Идут и едут люди не только из ближайшего города. Вот, например, шагает паренек с новым чемоданом. Он из тех, кто в войну удирает на фронт, кто в мирное время жаждет подвигов и путешествий в неведомые страны. Наверняка у паренька имеется собственный план экспедиции на другую планету… Да паренек не один!

— Сашка! — кричит он. — Ну, где ты застрял, вон уж народу сколько собралось!

Из толпы вынырнул Сашка с точно таким же чемоданом. Он хватает дружка за рукав и тащит за собой.

— Гляди, Витька! Ты знаешь, кто это?.. Это сам Алексей Ракитин!

На голос Сашки оборачивается долговязый человек в помятой шляпе и противосолнечных очках.

— Точно, хлопцы, я Алексей Ракитин. Это я шарик нашел! — громко, с радостной, даже заискивающей готовностью представляется Лешка.

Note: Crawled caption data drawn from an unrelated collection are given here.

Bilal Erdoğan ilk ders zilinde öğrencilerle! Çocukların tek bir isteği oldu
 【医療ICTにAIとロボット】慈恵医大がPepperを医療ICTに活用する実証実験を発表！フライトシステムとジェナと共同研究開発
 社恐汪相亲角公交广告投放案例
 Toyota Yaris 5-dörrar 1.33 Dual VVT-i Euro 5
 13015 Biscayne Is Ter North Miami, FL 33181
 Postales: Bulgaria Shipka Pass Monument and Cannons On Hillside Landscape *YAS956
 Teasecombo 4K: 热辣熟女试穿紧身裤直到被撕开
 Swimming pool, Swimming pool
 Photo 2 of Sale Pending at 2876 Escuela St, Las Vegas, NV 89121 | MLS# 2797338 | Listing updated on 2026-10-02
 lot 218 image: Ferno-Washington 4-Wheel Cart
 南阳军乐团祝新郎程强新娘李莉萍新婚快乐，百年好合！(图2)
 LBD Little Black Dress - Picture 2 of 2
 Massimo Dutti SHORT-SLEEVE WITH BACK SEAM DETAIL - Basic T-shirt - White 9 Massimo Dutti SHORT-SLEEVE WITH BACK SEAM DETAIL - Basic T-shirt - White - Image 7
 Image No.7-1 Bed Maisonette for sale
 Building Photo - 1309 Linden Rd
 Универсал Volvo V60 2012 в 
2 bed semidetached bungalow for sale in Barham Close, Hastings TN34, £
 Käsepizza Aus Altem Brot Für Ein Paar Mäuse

— Как же вы его нашли? — сдавленным от почтения голосом спрашивает Витька.

— Скептики часто спрашивают: если на других планетах есть жизнь и межпланетные сообщения возможны, то почему к нам никто не прилетал до сих пор?.. После моей находки мы можем ответить скептикам: «К нам прилетали!» — бойко как по-писаному, отвечает Лешка.

— Видал?!. — многозначительно подталкивает друга Сашка. — Все знает!.. А как вы, товарищ Ракитин, предполагаете, откуда они к нам прилетали?

— Может, с Марса? — добавляет почтительно Витька.

— «Они прилетали с Марса?» — спросим мы «А может, они прилетали с Венеры?» — спрашивает академик Забродин. «Я не знаю, откуда они прилетали», — сказал знаменитый Бахарев! — с готовностью сыплет Лешка.

Ребята переглядываются, сияют, поощренные такой словоохотливостью «самого» Ракитнна.

— Вы человек знаменитый, от вас ничего не скрывают. Началось, правда? — доверительно спрашивает у него Витька.

— Не робей, хлопцы! — подтверждает Ракитин, шмыгая красным носом. — У вас еще все впереди. Может, и вы какой-нибудь шарик найдете!

Витька и Сашка понимающе перемигиваются. Конечно, Ракитин не хочет, да и не может разговаривать с ними о делах секретных. Однако…

— На повестке дня теперь один лозунг: даешь космос! Верно? — подмигивает Сашка. — Одна ракета без людей скоро на Венеру приземлится, а десять других небось готовятся лететь?!

Постепенно вокруг начинает образовываться толпа. И если сначала это радовало Лешку, то теперь, заметив в глазах обступающих молодых людей «практический» интерес к беседе, он уже подумывает, как бы улизнуть. А пареньки наседают.

— Вы не думайте, хоть у нас десятилетка за плечами, мы люди не гордые! — заверяет Лешку Витька. — Мы на все согласны; таскать, что потяжелее, землю копать, гвоздики забивать — только бы для межпланетного полета!

— Если нужно для опыта забросить кого-нибудь на Марс или другую планету, то пожалуйста! — выступает еще один паренек из толпы. — Всё лучше меня, чем кроликов…

— Мы еще вернемся к этому разговору, а пока… Адью, старики, адью! — многозначительно говорит Ракитин и поспешно выбирается из толпы.

Гигантские антенны ЦСУ, сверкающие над облачным полетом. К их подножию опускаются сразу два вертолета. На площадке уже стоят три вертолета.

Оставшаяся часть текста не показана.